Militares mandam recado anacrônico através do Estadão
21 de agosto de 2023
Hoje vou dar uma pausa de falar sobre os problemas da vida digital e da tecnopolítica para comentar um recadinho dos miliares, um evento pontual mas eloquente sobre a situação da nossa frágil democracia.
Na semana passada, a jornalista Monica Gugliano publicou no jornal O Estado de São Paulo uma coluna intitulada “Militares veem Justiça esticando a corda e gerando instabilidade e insegurança nas Forças Armadas”. Tive que ler duas vezes para certificar-me que não era algo dos idos anos de 2021 ou 2022; não era.
No texto, militares “graduados” diziam que a prisão de membros da cúpula da PM do Distrito Federal, incluindo o comandante Klepter Rosa Gonçalves, estaria “criando instabilidade e insegurança nas Forças Armadas” e que, se a Justiça ultrapassar um certo “limite”, não explicado, “não seria fácil acalmar nem o oficialato e nem tampouco os militares abaixo da linha de comando.”
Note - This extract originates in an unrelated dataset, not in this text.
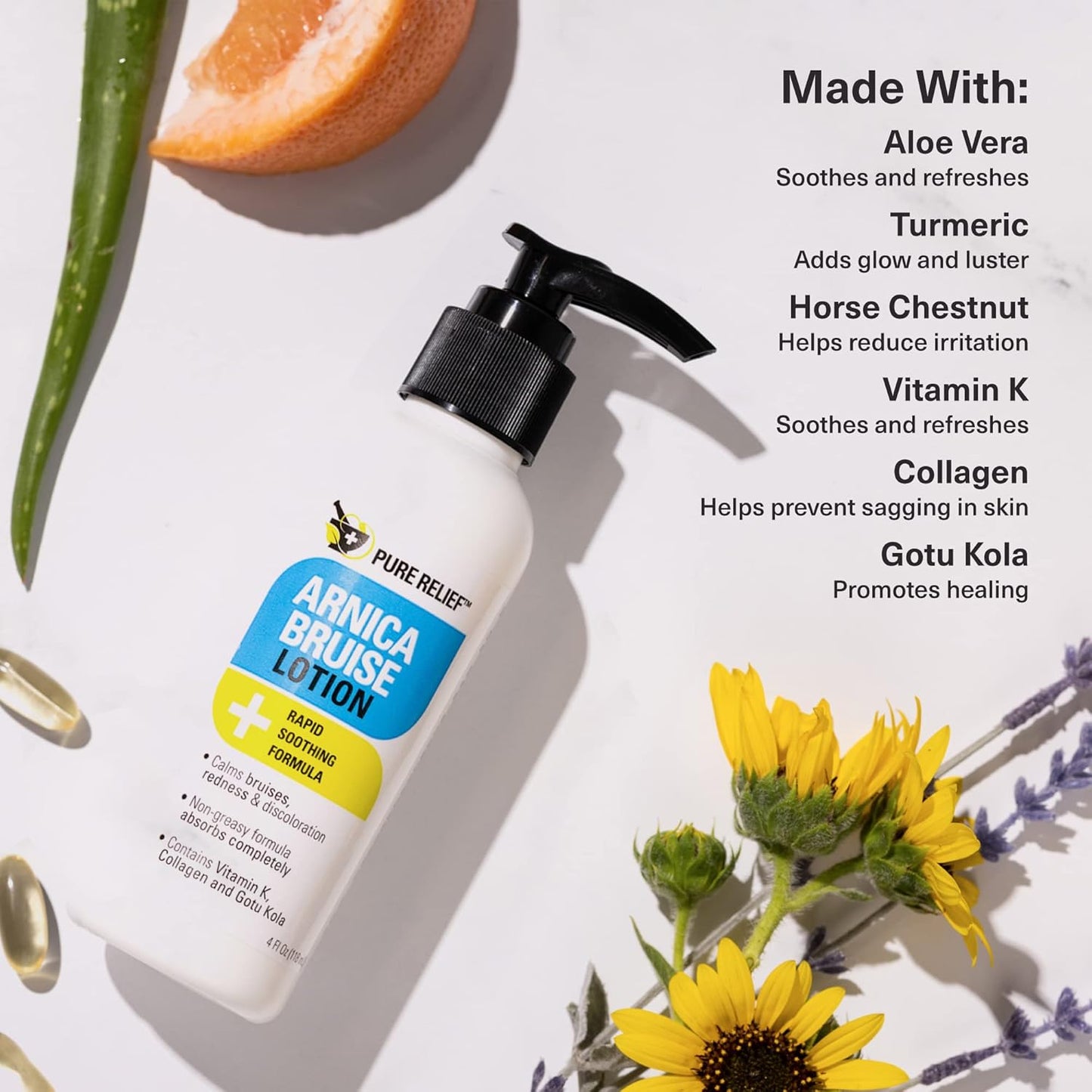 Arnica Cream for Bruise Relief - Extra Strength Moisturizing Formula with Vitamin K & Collagen | 4 Fl Oz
O contexto disso tudo é que a delação de Walter Delgatti, o hacker do fim do mundo, implicou os militares diretamente com seu depoimento à CPI; primeiro, disse que foi cinco vezes ao Ministério da Defesa, tendo inclusive se reunido com o ex-ministro, o general Paulo Sérgio Nogueira de Oliveira. Depois, que tem suas digitais no infame relatório sobre as urnas eletrônicas feito pelas Forças Armadas, que diz que não encontrou nenhuma prova de fraude, mas que isso não importa.
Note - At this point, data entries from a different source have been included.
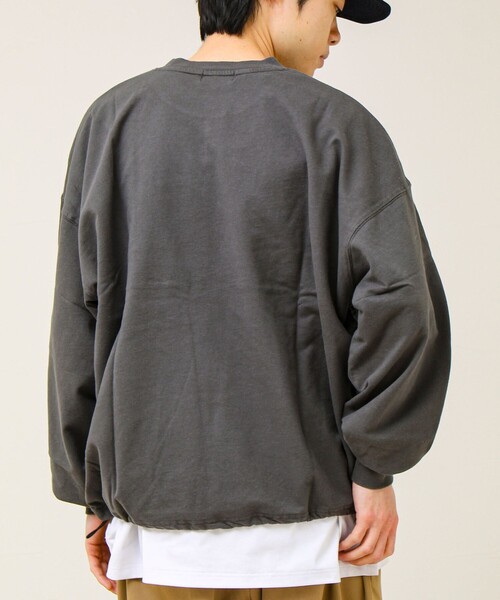 GLOSTER（グロスター）の「【無地/リアルツリーカモ】ミニ裏毛 裾ドロストスウェット（スウェット・メンズ・リアルツリーカモ/チャコールグレー/ライトグレー・L/M）」の15枚目の写真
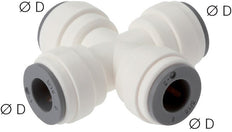 10mm Cross Push-in Fitting POM EPDM FDA [2 Pieces]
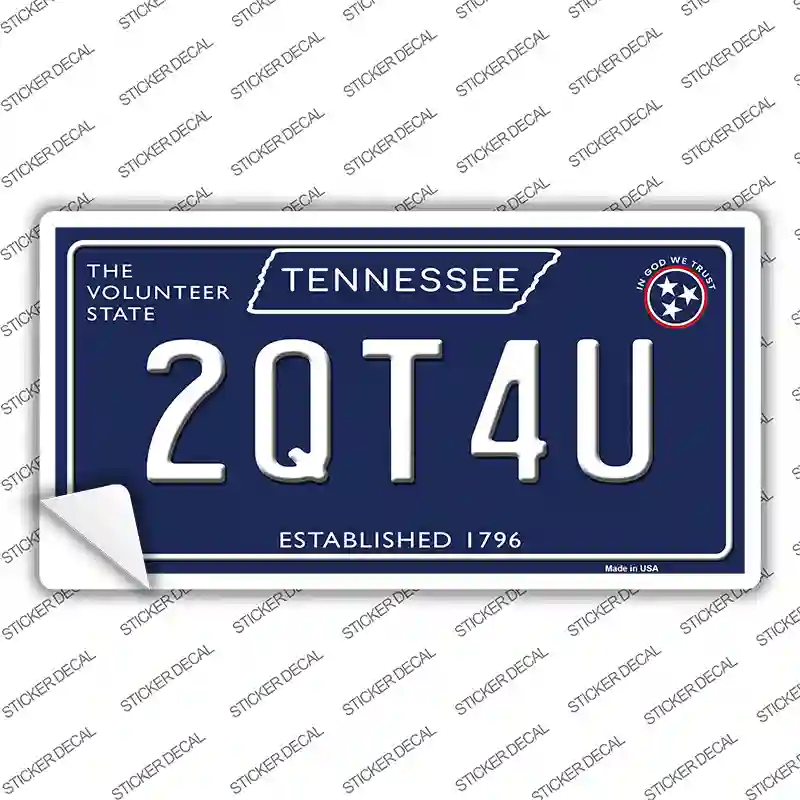 2QT4U Tennessee Blue Novelty Sticker Decal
A prisão do comandante da PM-DF parece ter assustado o Alto Comando, que vê a Polícia Federal chegar cada vez mais à porta dos seus altos oficiais que se envolveram em mutretas, como o general Lourena Cid, pai de Mauro Cid, – que “só chora”, segundo a mesma coluna –, e o comandante militar do planalto, que fez de tudo pra proteger os acampados e impedir a desmobilização dos acampamentos, mesmo sabendo que de lá partiram atentados terroristas e a marcha que rumou para invadir os prédios dos três poderes no dia 8 de janeiro.
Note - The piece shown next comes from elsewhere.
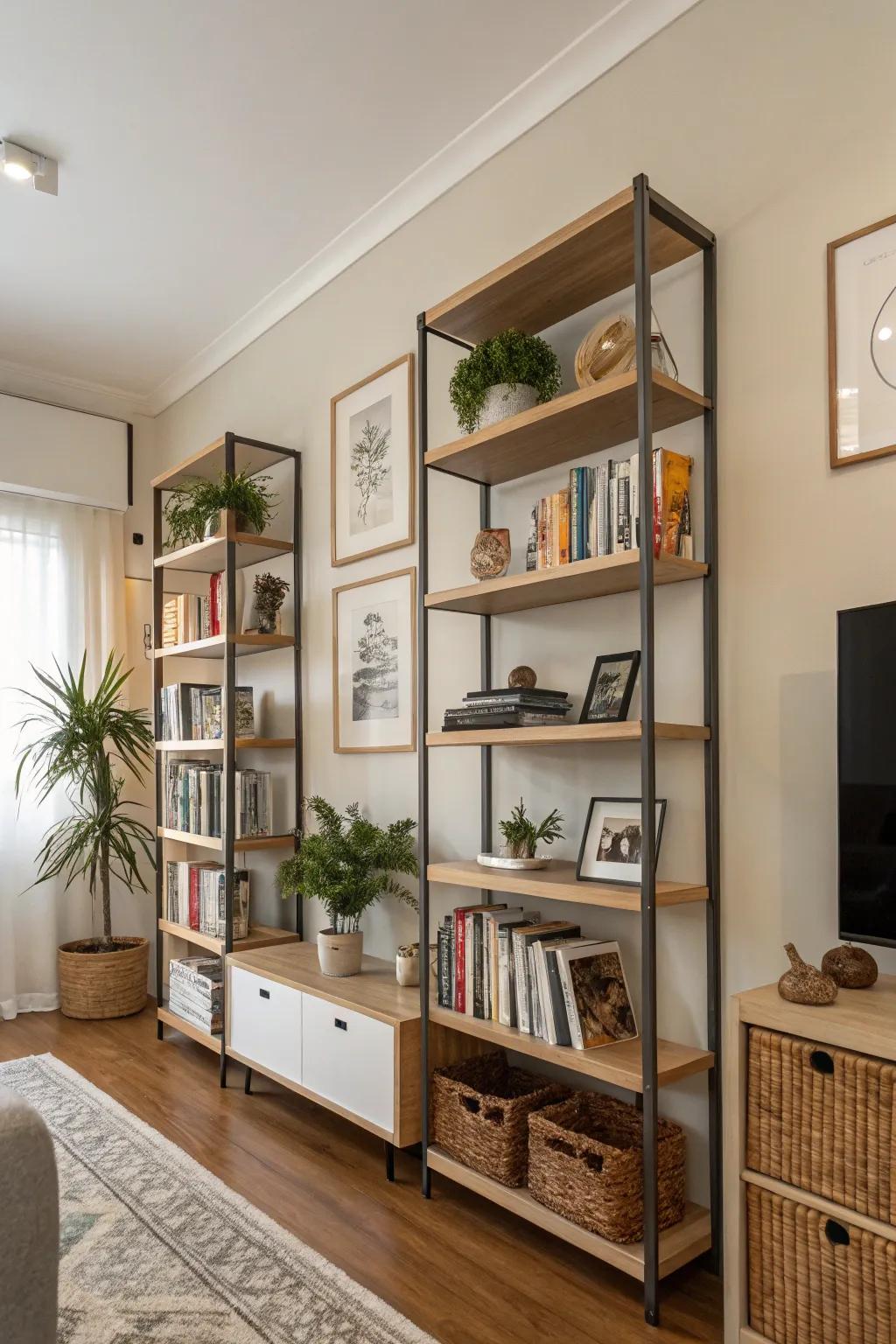 High shelves maximize height, enhancing both storage and visual appeal.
O recado, anônimo, em off, intempestivo, parece ter sido uma antessala da reunião que Lula manteve com militares no sábado, em um encontro fora da agenda com os comandantes do Exército, da Marinha e da Aeronáutica no Palácio da Alvorada. Lula ouviu do ministro da Defesa, José Múcio, e dos comandantes o compromisso de que as três Forças estão identificando nomes que tenham cometido eventuais irregularidades durante o governo do ex-presidente Jair Bolsonaro.
Mas, como demonstra a tacanha ameaça enviada através do Estadão, o buraco é mais embaixo. Os militares se acostumaram a fazer ameaças aos poderes civis – como a justiça – durante o período Bolsonaro. Era assim que pressionavam por atenção, verbas, mudança de rumos, reuniões com membros do governo. O uso da expressão “esticando a corda”, criada por Bolsonaro, só demonstra que, na sua cabeça, nada mudou.